Watch those Kindle books...i paid $8 for one that I then discovered was about 15 pages long........complete ripoff. At least at the bookstore you can page through to see if it is for real
Brick-and-mortar have to build "shipping costs" into their prices, because the good have to get to their stores somehow. Remote suppliers explicitly charge for shipping (and usually give the buyer an option). So much for "shipping costing being a leveler."
Government service have to be paid for somehow. Many places use consumption taxes on non-essentials to avoid putting an undue burden on the poor while meeting the need for money. This proposal tries to have each resident of a locale pay "their fair share" -- remember that the residents control that share by voting, and being locally represented.
For brick-and-mortar outlets, the tax is is based on where the store is physically located, not where the customer lives. The so-called Internet tax disrupts this model because a seller can be located in an area with no consumption tax. Out-of-area and out-of-state buyers pay the local rate, even when they don't live there. In some cases, such as automobile purchases, the out-of-state buyer gets nicked twice, first at point-of-sale, and again in his/her home state.
The core of the whole problem is that, across the country, we have a crazy-quilt hodge-podge of consumption taxes, so complex that even a single five-digit postal ZIP code can have multiple tax rates applied to it. The table of tax rates changes daily, because some locations permit changes to be made by ordinance, not election, in particular in "special-use" zones that can come and go.
Finally, to whom does the out-of-state operator pay the tax? Are there fifty checks each month? Tens of thousands of checks each month? And how about the paperwork -- how many different forms are involved?
Remember that the Constitution allows Congress to regulate inter-state commerce, so providing a scheme for simplifying the problems of states having the use tax be picked up by the remote seller is within the four corners of that document. It's not that the proposal law attempts to levy a tax -- the citizen of a state is required, by state law, to pay the tax. That's law in many places. The rub is how the payment is collected. What the proposal does is make the remote seller the collection agent, the same as the brick-and-mortar seller is a collection agent.
The whole idea of "presence" or "nexus" is that someone who lives in the taxing area involved can know the tax rate structure, just like the brick-and-mortar store knows the tax rate structure. It's less of a burden to the seller to have the tax calculated by an entity in the tax zone, particularly if the satellite office or affiliate collects the tax and submits the paperwork. That's why Amazon is closing down warehouses and shutting out certain affiliates -- it eliminates any claim of "nexus" and knowledge of local tax rates.

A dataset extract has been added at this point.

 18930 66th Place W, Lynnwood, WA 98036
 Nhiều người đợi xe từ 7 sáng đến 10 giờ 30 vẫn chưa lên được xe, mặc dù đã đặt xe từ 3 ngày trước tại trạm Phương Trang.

Some of the earlier proposals tried to go beyond simplification. Other proposals limited themselves to trying to reduce the burden on the remote out-of-state sellers to track sales tax by address. Remember that taxes can be by state, county, city, town, village, school district, park district, "improvement" district, and I don't know what-all. The current system, make the buyer pay, isn't working out all that well -- too many people don't even know they have to pay the "use tax" because they never heard of it. Not to mention the nightmare many states have for paying tax -- here in Nevada, with no income tax, you have to know to get a special form that is not available in the Post Office. Frankly, I'm not even sure where to go to get one. (Glad I don't do mail-order buying!)
There are still a lot of questions I have about the proposal. I think it's too soon to try to attack it.